A sobremesa, quase que sugeria que fosse em Amarante. Basta ver as montras das requintadas pastelarias debruçadas sobre o rio Tâmega para se perceber que a tentação é grande com tantos doces conventuais. Amarante é uma cidade muito bonita, em grande parte pela presença do rio, que proporciona passeios relaxantes de barco, mas também pela beleza arquitetónica. Quem gosta de apreciar a arquitetura antiga, em Amarante, principalmente no centro histórico, há inúmeros exemplos do românico e ainda muitos edifícios da Idade Média para ver.

O Mosteiro de S. Gonçalo, junto à ponte, é uma das imagens mais características da cidade. Foi construído por ordem de D. João III no lugar onde se acredita que São Gonçalo foi sepultado. Vale a pena ver o túmulo de São Vicente no interior e a talha dourada do altar mor.

Amarante é também a terra natal de Amadeo de Sousa Cardoso. Seria imperdoável, por isso, não visitar o museu com o seu nome onde, para além das obras de Amadeo, é possível ver obras de outros grandes pintores portugueses, como António Carneiro, Júlio Resende, Manuel Cargaleiro, Nadir Afonso, Vieira da Silva ou José Guimarães. Não é um museu muito grande, mas muito bonito e, sem dúvida, educativo e pedagógico para os mais novos que desde pequeninos devem ser habituados a visitar museus e galerias de arte.

A zona do Douro é muito rica em locais para ficar uma noite junto aos socalcos das vinhas. Não faltam turismos rurais ou quintas onde se pode ficar com as crianças num ambiente de campo, muito próximo das vinhas e dos pomares que pintam a paisagem duriense. A zona do Peso da Régua é uma boa opção, tanto mais que é de lá que saem os barcos para o passeio no Rio. Na manhã seguinte, antes da viagem do barco, mesmo em frente ao cais de embarque, está o Museu do Douro, num bonito edifício que está ligado à Companhia Geral da Agricultura das Vinhas do Alto Douro que em 1756 criou a primeira zona vinícola regulada do mundo. Um museu muito atrativo para grandes e, especialmente, para os mais pequenos. Muito interativo, claro e atraente no modo como nos dá a conhecer a história do vinho do Porto. Um aperitivo, excelente, para quem depois vai viajar pelo rio acima.

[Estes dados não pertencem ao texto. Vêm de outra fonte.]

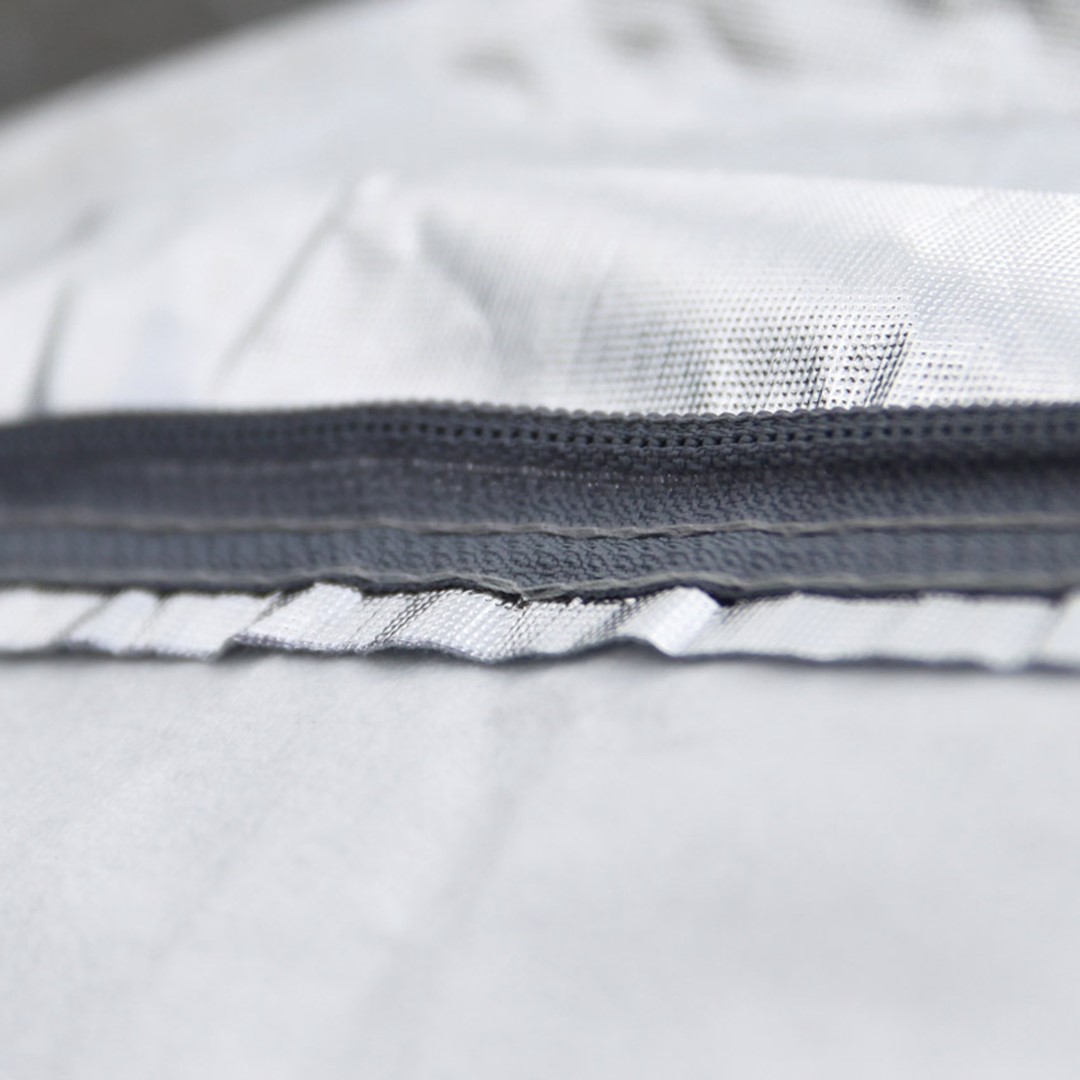 Εικόνα 4 από 4 — Amio – Κουκούλα Αυτοκινήτου Cotton 120g με φερμουάρ διάσταση 430 x 165 x 120 cm χρώμα ασημί μέγεθος Medium για Επιβατικά Αυτοκίνητα – 1 τεμ. (01110/AM)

E depois chega a esperada viagem pelo Douro. A viagem de barco do Peso da Régua ao Pinhão é uma delícia. Para os mais novos, uma verdadeira aventura. Não é todos os dias que embarcamos com alguma pompa e circunstância num navio que vai navegar pelas mais bonitas margens do mundo.  O serpentear pelas curvas do Douro enche-nos de uma sensação de beleza e tranquilidade. A viagem tem, ainda, uma atração extra: a passagem por uma das eclusas do rio. Sejam novos ou mais velhos, não é todos os dias que estamos “fechados” entre paredes a ver água a entrar num espaço limitado a fazer de elevador a um navio de várias toneladas. Depois da excitação de passar a eclusa, segue-se o almoço a bordo, outro momento essencialmente para ser vivido em família até que se chega ao Pinhão. Aqui, faz-se a passagem para o comboio. E, de repente, viajamos cem anos na história. É uma emoção quando o apito a vapor anuncia a chegada à estação do comboio histórico da CP, recebido com aplausos pelos passageiros. A viagem ainda não começou, mas a animação é muita: desde o rancho folclórico que segue a bordo, aos funcionários da CP fardados à época, a figura do maquinista ou a operação de reabastecimento do depósito da locomotiva a vapor com água, tudo é motivo de entusiasmo e de surpresa. A viagem segue para o Tua. Depois é o regresso ao Peso da Régua. Na memória de todos, especialmente das crianças, fica a memória de um passeio que dificilmente esquecerão.